Jacques GUILLEMEAU (1549 Orléans – 1613 Paris)

Embaumeur puis Chirurgien de quatre Rois

D’après l’ouvrage du Docteur Pierre DUBARD, biographe du médecin royal Jacques Guillemeau.

Par Denis DAUPHIN médecin honoraire du Centre hospitalier régional d’Orléans et vice-président de l’ APHO

In mémoriam/ A la mémoire de Pierre DUBARD, décédé le 15 juillet 2014 : Pierre Dubard fit ces études de médecine à Dijon, installé comme ORL libéral à Orléans il exerça aussi sa spécialité au Centre hospitalier régional d’Orléans comme attaché.
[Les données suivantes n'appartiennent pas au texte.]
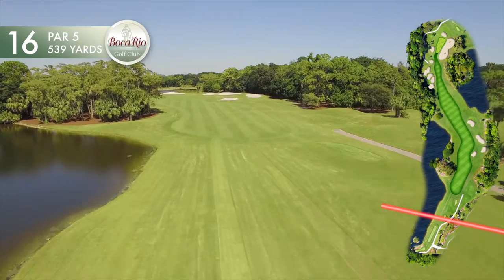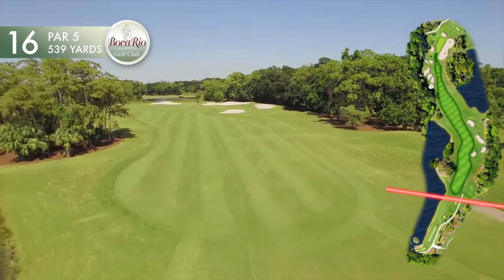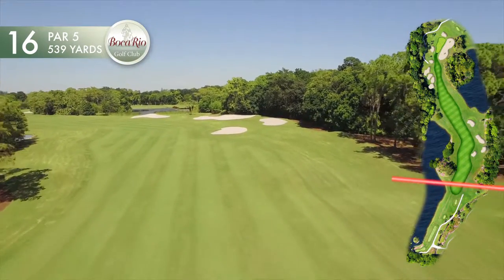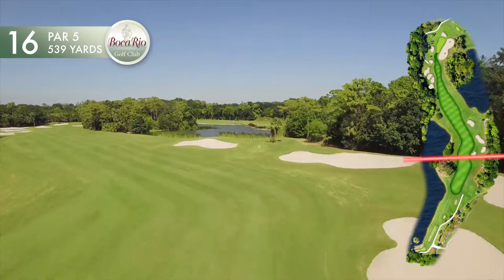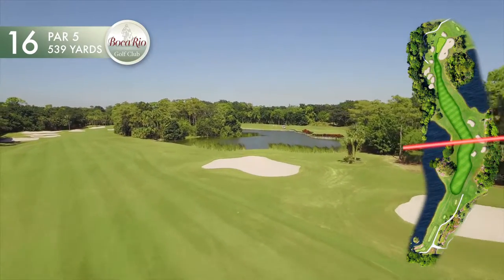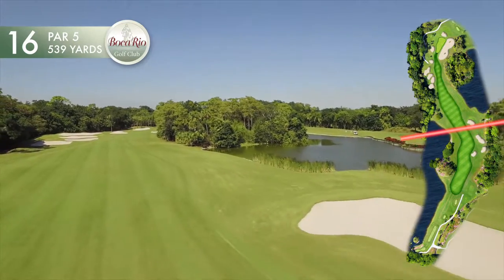Hole number 16 is a double dogleg par 5, well framed by a lake and a stand of pond cypress on the left side of the landing area, and by a stand of slash pines and a collection of fairway bunkers on the right side of the landing area.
Membre de la Société d’histoire de la médecine de Paris, connu comme le biographe de Jacques Guillemeau .

Enfance et formation à Orléans (1549-1569)

Qui connait aujourd’hui le plus grand des chirurgiens français du XVIème siècle ? Un des plus fameux chirurgiens français et en même temps l’un des plus méconnus.

Jacques GUILLEMEAU, né en 05 septembre 1549 (Paroisse Saint-Paul, Orléans), est issu d’une famille de chirurgiens de l’Hôtel-Dieu d’Orléans,  d’un père chirurgien du roi, et d’une mère elle aussi probablement issue d’une famille de chirurgiens : Jacques avait deux frères : Jean, dont on ne retrouve pas de trace dans l’histoire locale et Ascanius qui fut « marchand apothicaire et espicier bourgeois de Paris ».

Fig.1: Portrait de Jacques Guillemeau, extrait de « Table anatomique, au roy, par Jac. Guillemeau d’Orléans, chirurgien du roy et juré a Paris »  Paris, chez Jean Charron 1586.

Son oncle Laurent faisait parti en 1661 des 17 chirurgiens recensés d’Orléans, ville dont il reçu « 18 livres tournoys pour venir couper 18 membres dans la maison Dieu et avoir fourni les onguents à faire guérir un petit enfant de l’Hôtel Dieu».

Son père, Jacques également, réside à Orléans, né vers 1510 et mort à Orléans en 1569 à l’âge de 59 ans. Il initie son fils aux rudiments de la chirurgie. Il est « Chirurgien du roi », auprès des rois Henri II, François II et Charles IX.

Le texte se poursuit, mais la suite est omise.